::: INPUT FOR THIS TASK :::
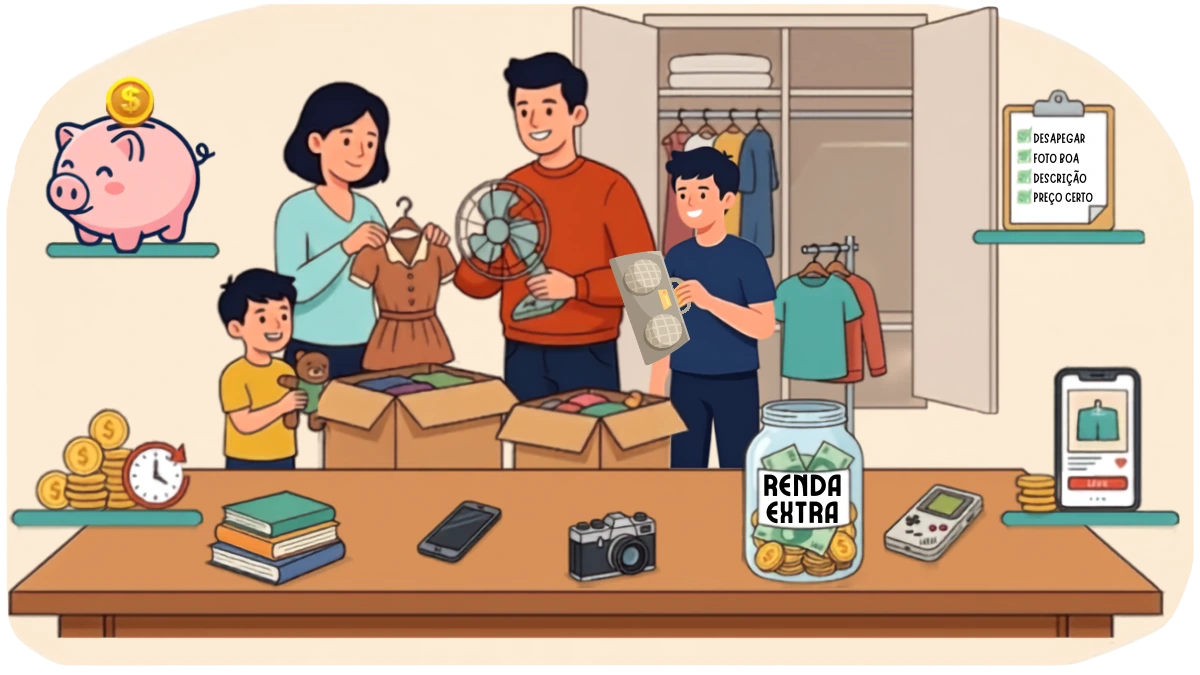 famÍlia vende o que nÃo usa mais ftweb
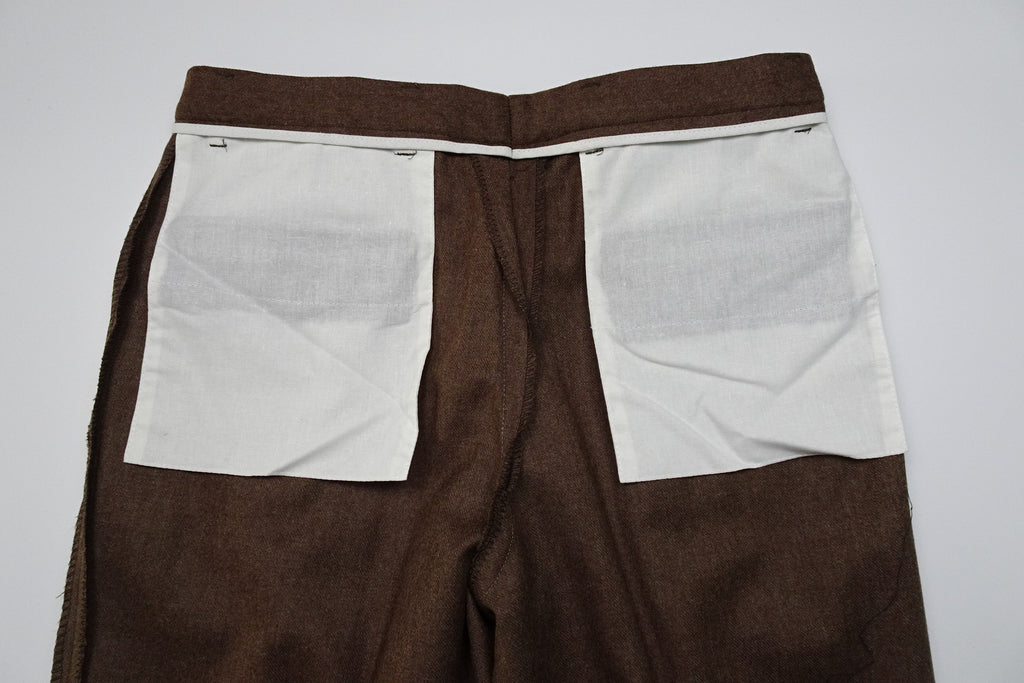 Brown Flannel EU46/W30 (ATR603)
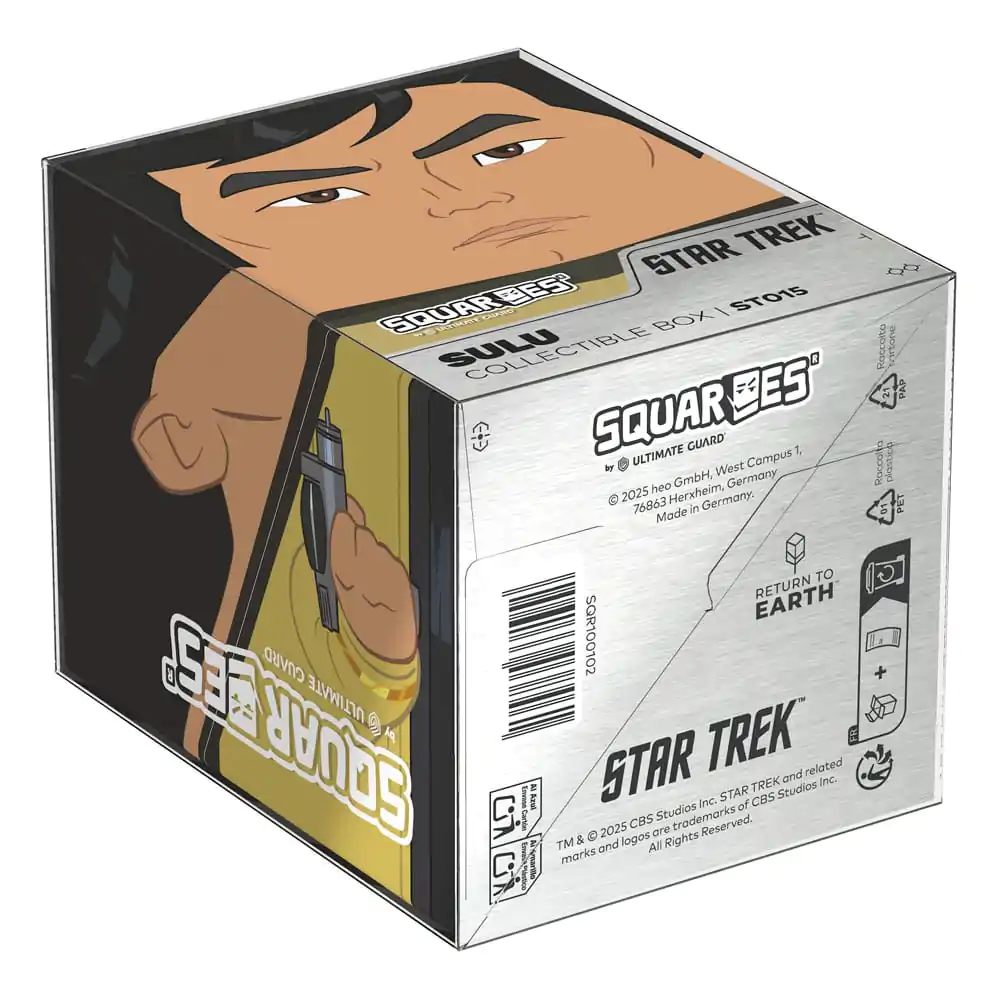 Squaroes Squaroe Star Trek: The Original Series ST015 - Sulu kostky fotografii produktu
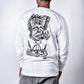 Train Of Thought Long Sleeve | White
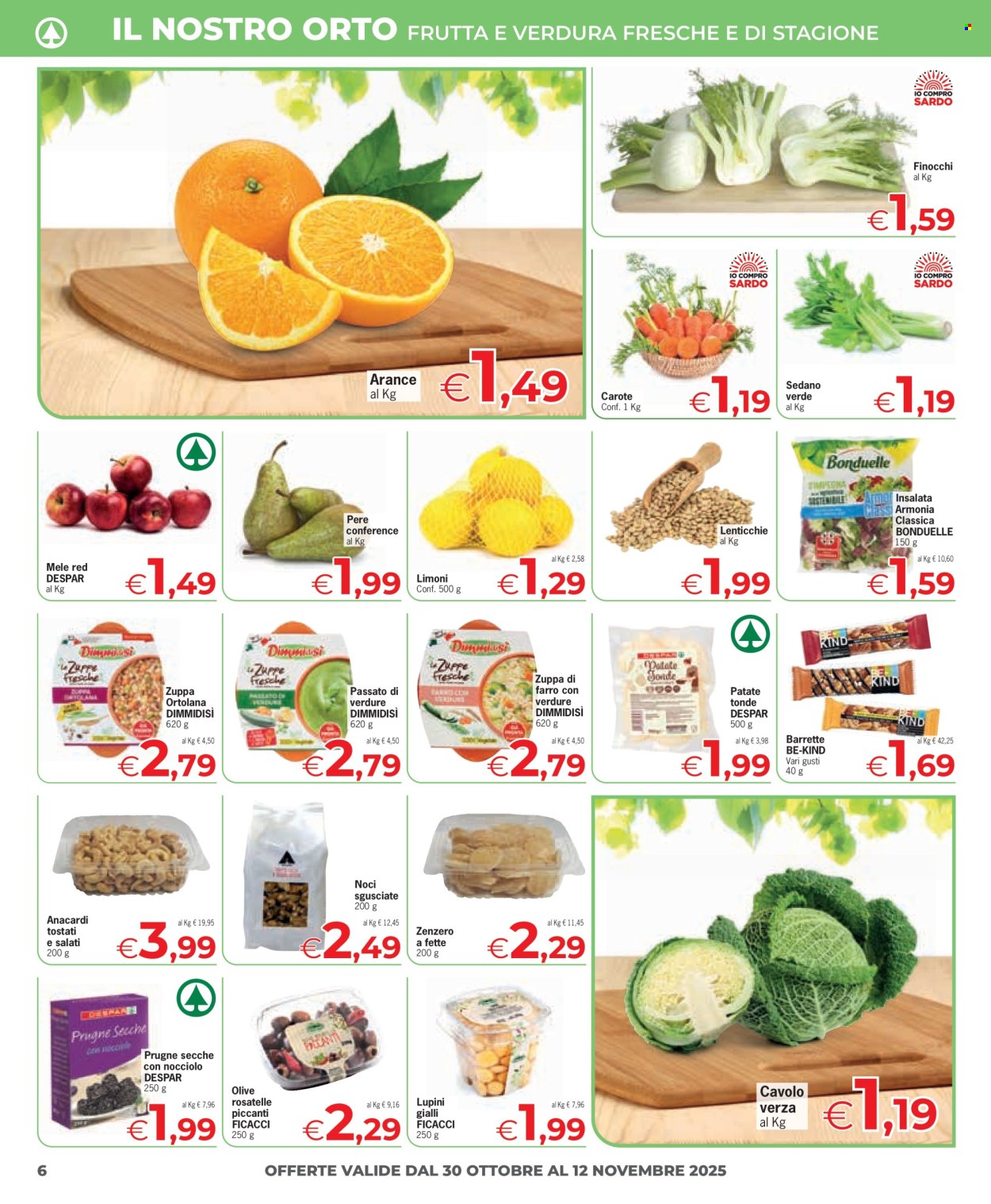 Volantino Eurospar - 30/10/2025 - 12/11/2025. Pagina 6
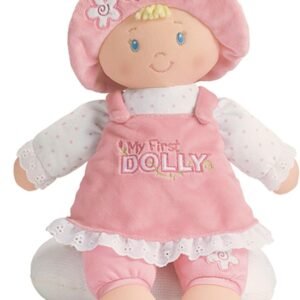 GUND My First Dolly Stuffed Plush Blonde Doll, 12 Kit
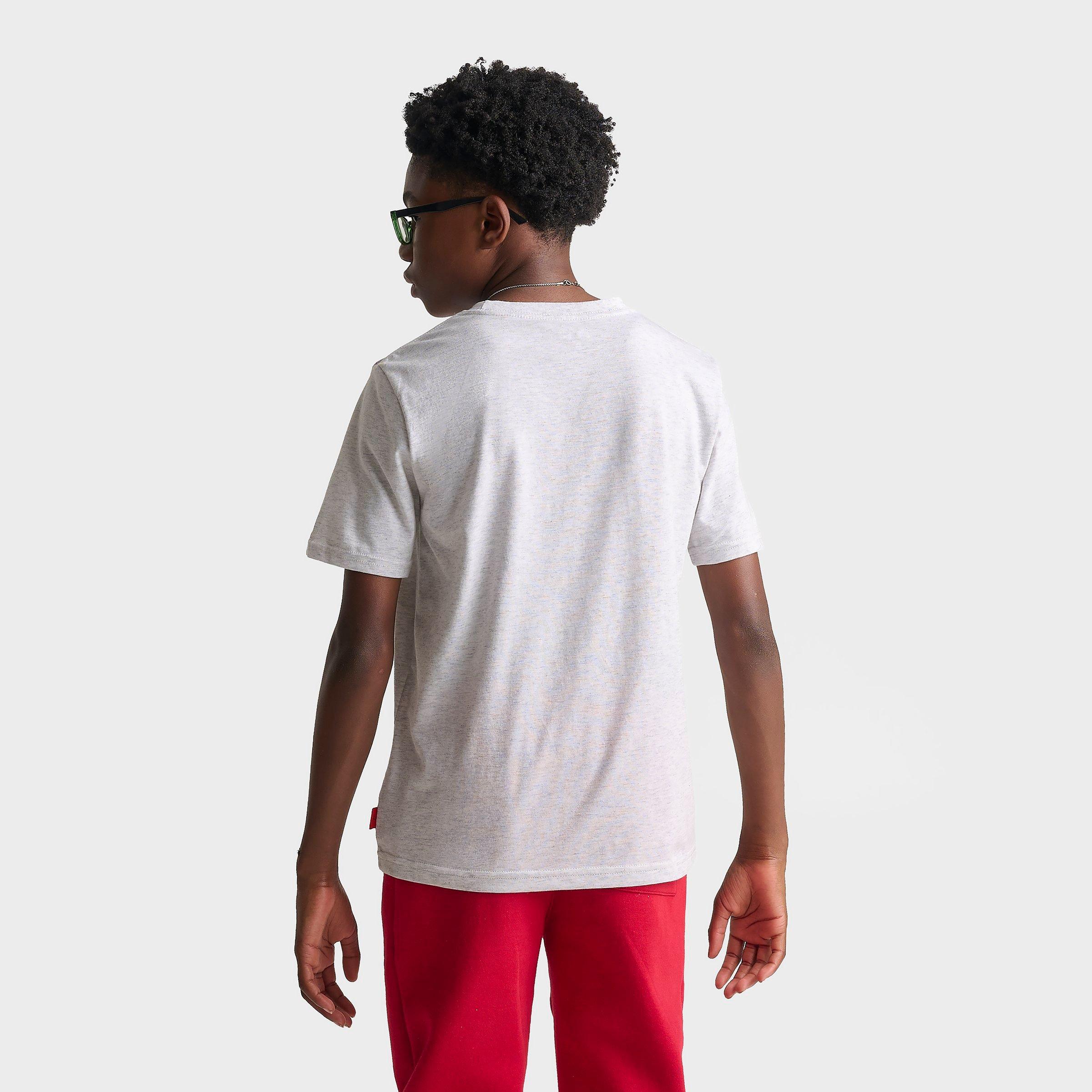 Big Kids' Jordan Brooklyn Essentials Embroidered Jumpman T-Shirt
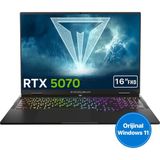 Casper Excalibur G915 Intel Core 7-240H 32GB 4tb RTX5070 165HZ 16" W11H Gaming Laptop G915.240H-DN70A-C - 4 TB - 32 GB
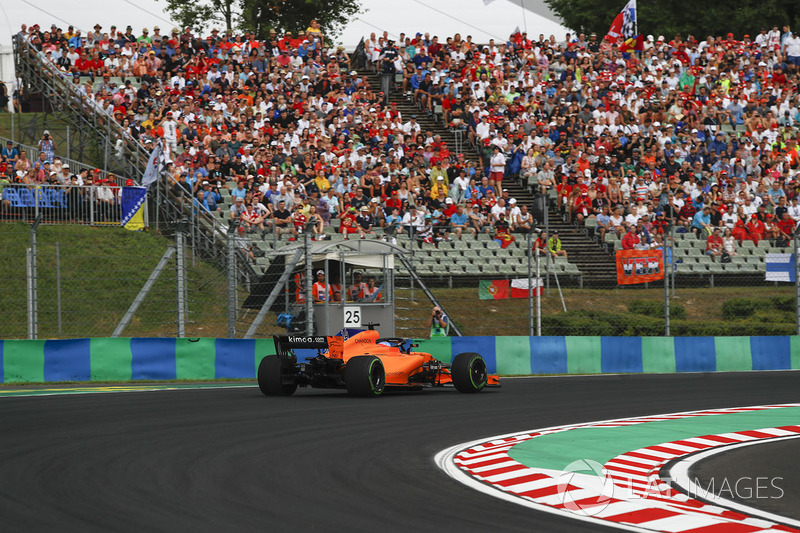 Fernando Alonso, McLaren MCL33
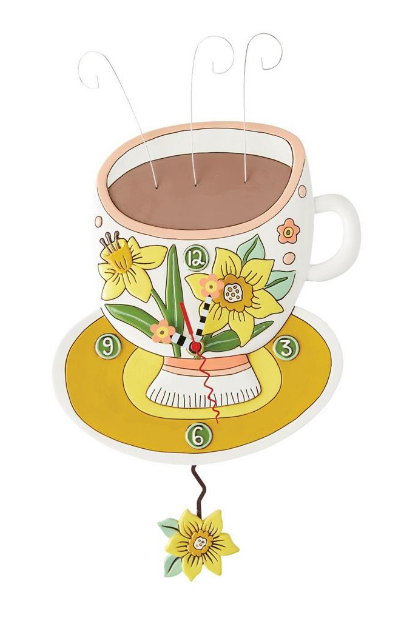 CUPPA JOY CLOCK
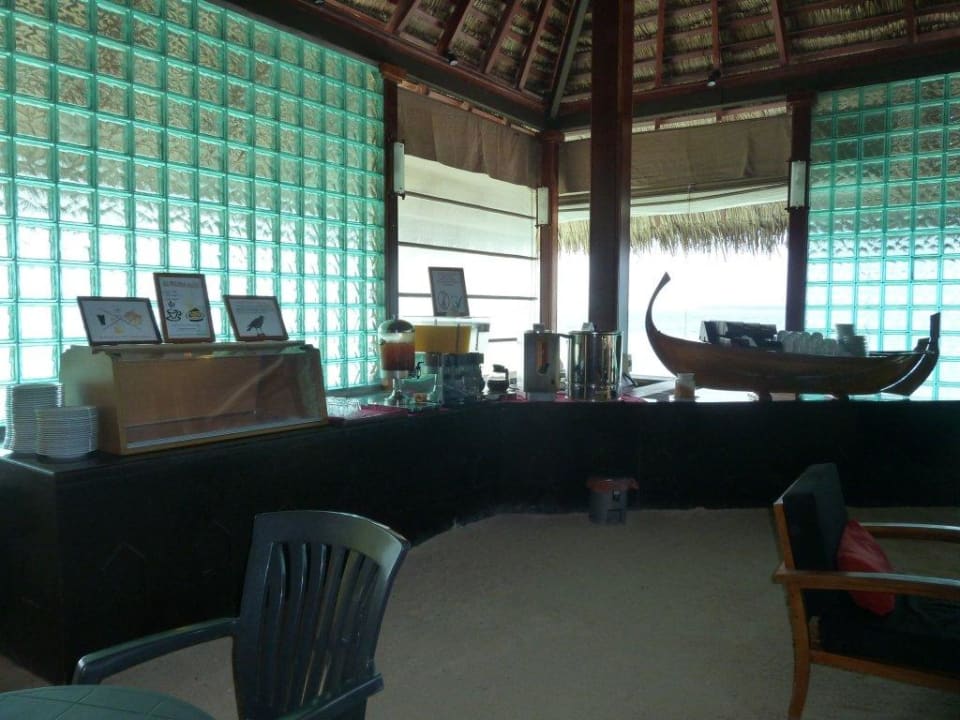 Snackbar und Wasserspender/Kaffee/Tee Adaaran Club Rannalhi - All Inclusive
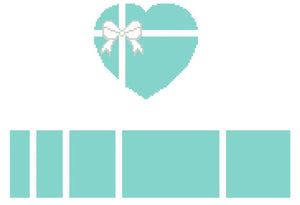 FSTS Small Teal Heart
:::
■ TASK INSTRUCTIONS:
Write out the whole listing above exactly, minus images.

■ ANSWER TO THE EXERCISE:
 famÍlia vende o que nÃo usa mais ftweb
 Brown Flannel EU46/W30 (ATR603)
 Squaroes Squaroe Star Trek: The Original Series ST015 - Sulu kostky fotografii produktu
 Train Of Thought Long Sleeve | White
 Volantino Eurospar - 30/10/2025 - 12/11/2025. Pagina 6
 GUND My First Dolly Stuffed Plush Blonde Doll, 12 Kit
 Big Kids' Jordan Brooklyn Essentials Embroidered Jumpman T-Shirt
 Casper Excalibur G915 Intel Core 7-240H 32GB 4tb RTX5070 165HZ 16" W11H Gaming Laptop G915.240H-DN70A-C - 4 TB - 32 GB
 Fernando Alonso, McLaren MCL33
 CUPPA JOY CLOCK
 Snackbar und Wasserspender/Kaffee/Tee Adaaran Club Rannalhi - All Inclusive
 FSTS Small Teal Heart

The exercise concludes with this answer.